PechaBridge is a workflow for Tibetan pecha document understanding with a focus on layout detection, synthetic data generation, SBB data ingestion, OCR/VLM-assisted parsing, diffusion-based texture augmentation, and retrieval-ready patch pipelines.
The project combines:
- synthetic YOLO dataset generation for Tibetan/number classes,
- training and evaluation of detection models,
- large-scale processing of SBB page images,
- optional VLM backends for layout extraction,
- SDXL/SD2.1 + ControlNet + LoRA texture adaptation,
- line sub-patch dataset generation with Option-A neighborhood metadata,
- weak OCR labeling + robust MNN mining for cross-page positives,
- ViT/DINOv2 retrieval training (mp-InfoNCE) and FAISS-based evaluation/search,
- line-level dual vision-text encoder training (CLIP-style) on OCR manifests,
- Donut/TroCR OCR training on OpenPecha/BDRC-style line manifests with optional BDRC preprocessing.
The primary entrypoint for end-to-end usage is the Workbench UI (ui_workbench.py).
- Synthetic multi-class dataset generation: Creates YOLO-ready pages for Tibetan number words, Tibetan text blocks, and Chinese number words.
- OCR-ready target export: Optionally saves rendered OCR targets with deterministic line linearization and optional OCR crop export by label.
- Detection training and inference: Provides Ultralytics YOLO training, validation, and inference workflows for local data and SBB pages.

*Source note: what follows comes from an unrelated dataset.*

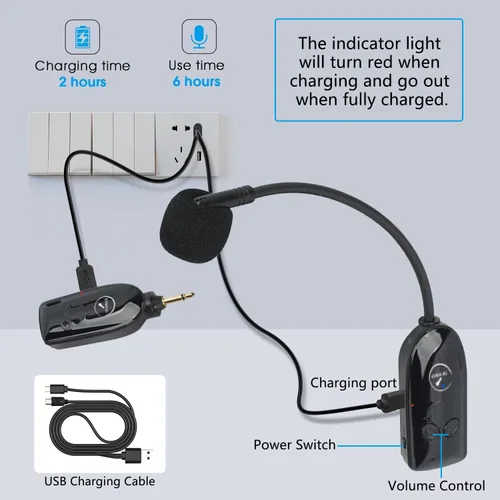 Vista 7 de Auriculares de micrófono inalámbrico 2.4G, micrófono inalámbrico UHF y micrófono de mano 2 en 1, rango de 165 pies, conectores de 0.138 in y 0.250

- Pseudo-labeling and rule-based filtering: Supports VLM-assisted layout extraction plus post-filtering before annotation review.
- Donut-style OCR workflow (Label 1): Runs generation, manifest preparation, tokenizer handling, and Vision Transformer encoder + autoregressive decoder training.
- Standalone DONUT/TroCR OCR training: Trains OCR directly on OpenPecha/BDRC line manifests (
train-donut-ocr) withnone|pb|bdrcimage preprocessing and CER evaluation. - Diffusion texture adaptation: Includes SDXL/SD2.1 + ControlNet augmentation and optional LoRA integration for more realistic page textures.
- Patch retrieval dataset generation: Generates line sub-patches (
datasets/text_patches) with parquet metadata for retrieval training. - Weak supervision for retrieval: Supports weak OCR labels and robust MNN mining for cross-page positives.
- Retrieval encoder training + eval: Trains ViT/DINOv2 patch encoders with mp-InfoNCE and exports FAISS-ready embeddings plus cross-page evaluation.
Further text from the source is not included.